Load-bearing premise
Simulated trajectories with constant or temporally switching migration properties adequately represent the confounding factors and data characteristics present in actual experimental cell recordings.
What would settle it
Generate trajectories of non-interacting cells programmed to switch migration directions or speeds at random times, then verify whether the turning angle model returns near-zero interaction strength while the force model returns positive strength.
Figures
read the original abstract
Upcoming immunotherapies for cancer treatment rely on the ability of the immune system to detect and eliminate tumors in the body. A highly simplified version of this process can be studied in a Petri dish: starting with a random distribution of immune and tumor cells, it can be observed in detail how individual immune cells migrate towards nearby tumor cells, establish contact, and attack. Nevertheless, it remains unclear whether the immune cells find their targets by chance, or if they approach them 'on purpose', using remote sensing mechanisms such as chemotaxis. In this work, we present methods to infer the strength and range of long-range cell-cell interactions from time-lapse recorded cell trajectories, using a maximum likelihood method to fit the model parameters. First, we model the interactions as a distance-dependent 'force' that attracts immune cells towards their nearest tumor cell. While this approach correctly recovers the interaction parameters of simulated cells with constant migration properties, it detects spurious interactions in the case of independent cells that spontaneously change their migration behavior over time. We therefore use an alternative approach that models the interactions by distance-dependent probabilities for positive and negative turning angles of the migrating immune cell. We demonstrate that the latter approach finds the correct interaction parameters even with temporally switching cell migration.
Editorial analysis
A structured set of objections, weighed in public.
Referee Report
Summary. The manuscript claims that a distance-dependent force model for inferring long-range immune-tumor cell interactions from trajectories recovers true parameters in simulations with constant migration properties but produces spurious interactions when cells independently switch migration behavior over time; an alternative model using distance-dependent probabilities for positive/negative turning angles recovers the correct parameters even under temporal switching, as demonstrated via maximum-likelihood fitting on forward-simulated trajectories with known ground truth.

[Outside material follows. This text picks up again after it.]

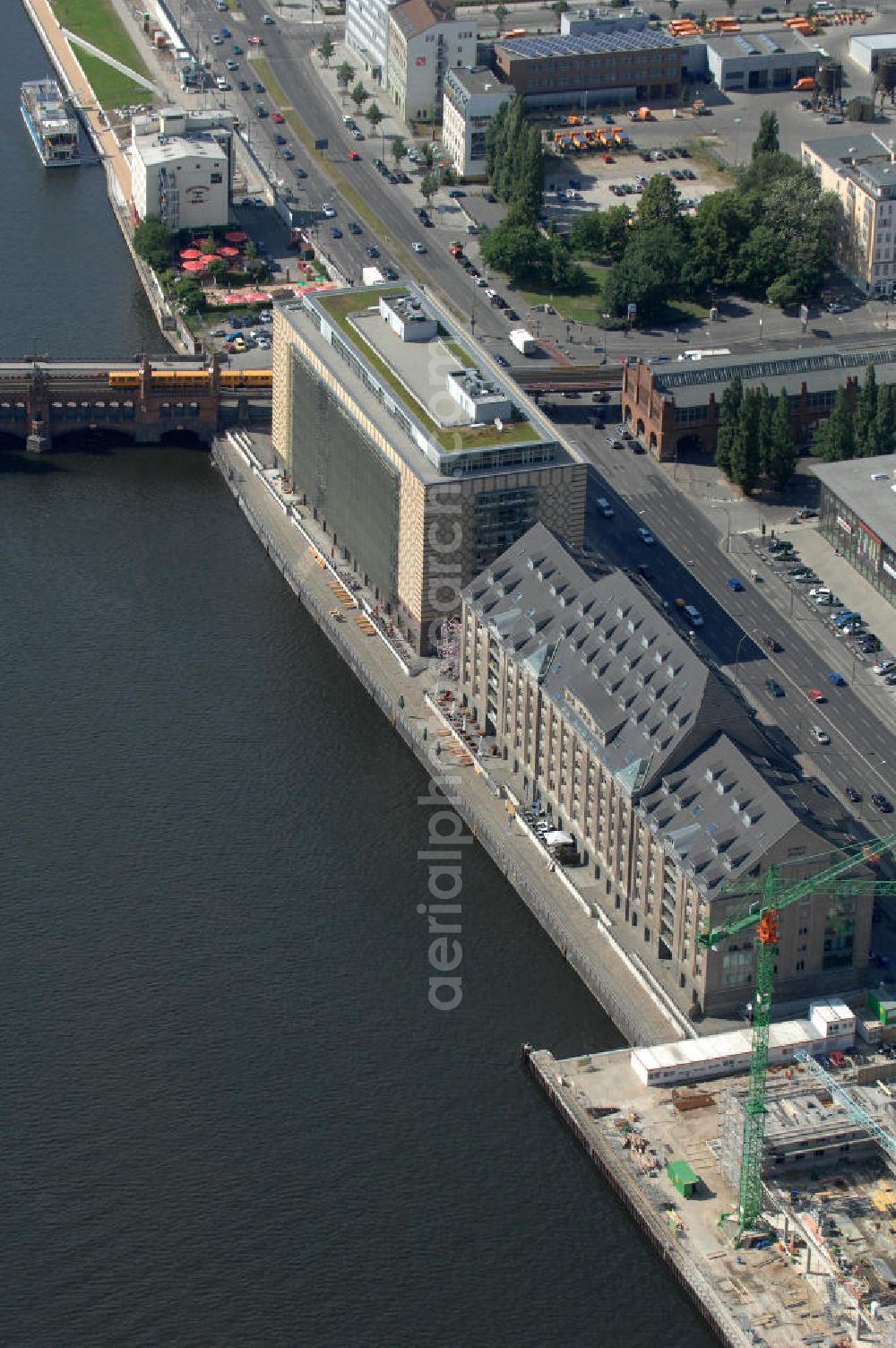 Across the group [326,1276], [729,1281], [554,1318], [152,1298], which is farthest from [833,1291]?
[152,1298]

Significance. If the turning-angle approach holds under more realistic conditions, the work identifies a substantive pitfall in force-based inference methods commonly used for cell trajectory analysis and provides a concrete alternative. Credit is due for the use of simulations with independently set interaction parameters and behavioral switches, which supplies an external (non-circular) check on recovery rather than reducing to fitted quantities by construction.
major comments (1)
- [Simulation validation (abstract and results)] The central claim—that the turning-angle probability model recovers true interaction parameters under temporally switching migration while the force model yields false positives—rests on the assumption that the simulated trajectories adequately capture the confounding factors in real experimental cell recordings. No quantitative match is shown between simulated and experimental turning-angle distributions, speed histograms, or persistence statistics (see abstract and simulation results).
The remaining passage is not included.